Directions
Exclude the pictures and reproduce exactly the lines that run from the one holding "Wildlife Institute Of" to the end of the entries below.

Short web captions
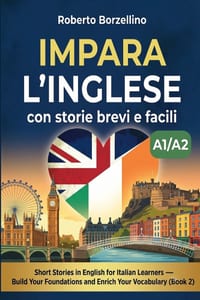 Impara l'inglese con storie brevi e facili: Short Stories in English for Italian Learners - Build Your Foundations and Enrich Your Vocabulary. Book 2 cover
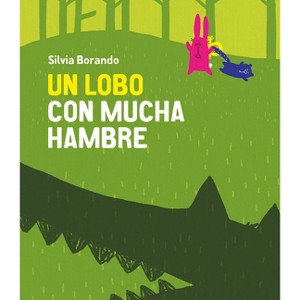 Un Lobo Con Mucha Hambre - (Somos8) by  Silvia Borando (Hardcover) - 1 of 1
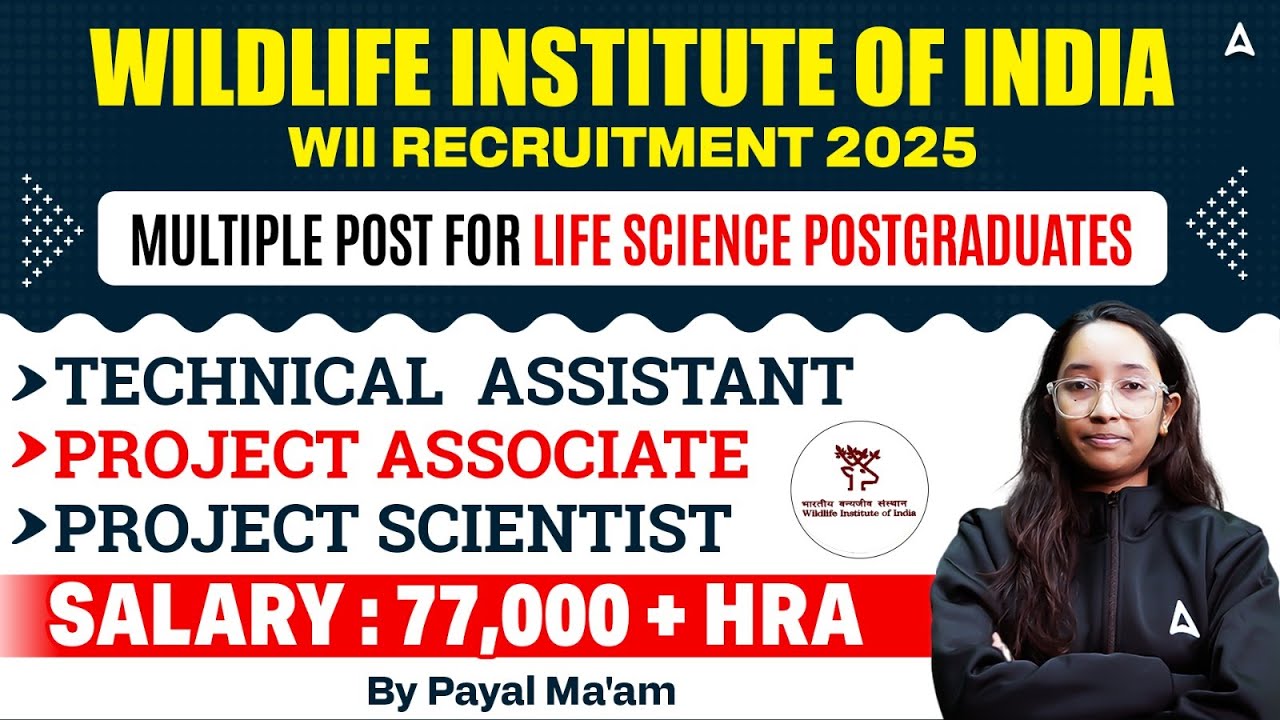 Wildlife Institute Of India Recruitment | Technical Assistant, Project Scientist & Project Associate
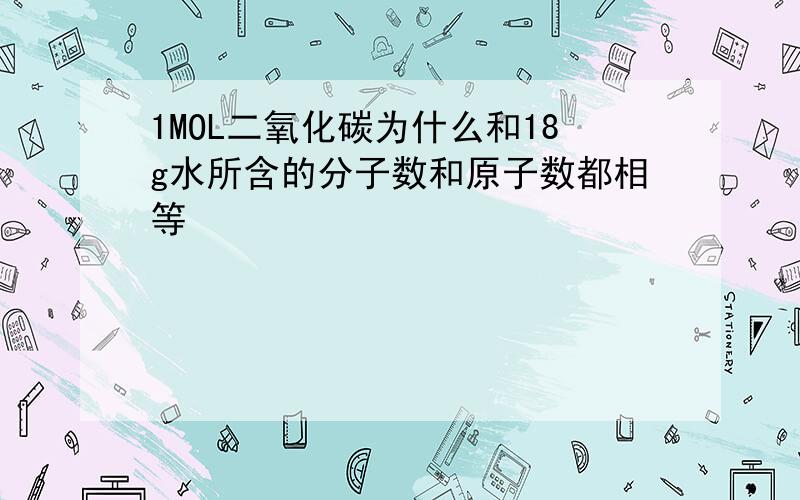 1MOL二氧化碳为什么和18g水所含的分子数和原子数都相等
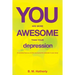 You Are More Awesome Than Your Depression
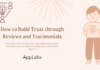 How to Build Trust through Reviews and Testimonials How to Build Trust through Reviews and Testimonials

Exercise solution
 Wildlife Institute Of India Recruitment | Technical Assistant, Project Scientist & Project Associate
 1MOL二氧化碳为什么和18g水所含的分子数和原子数都相等
 You Are More Awesome Than Your Depression
 How to Build Trust through Reviews and Testimonials How to Build Trust through Reviews and Testimonials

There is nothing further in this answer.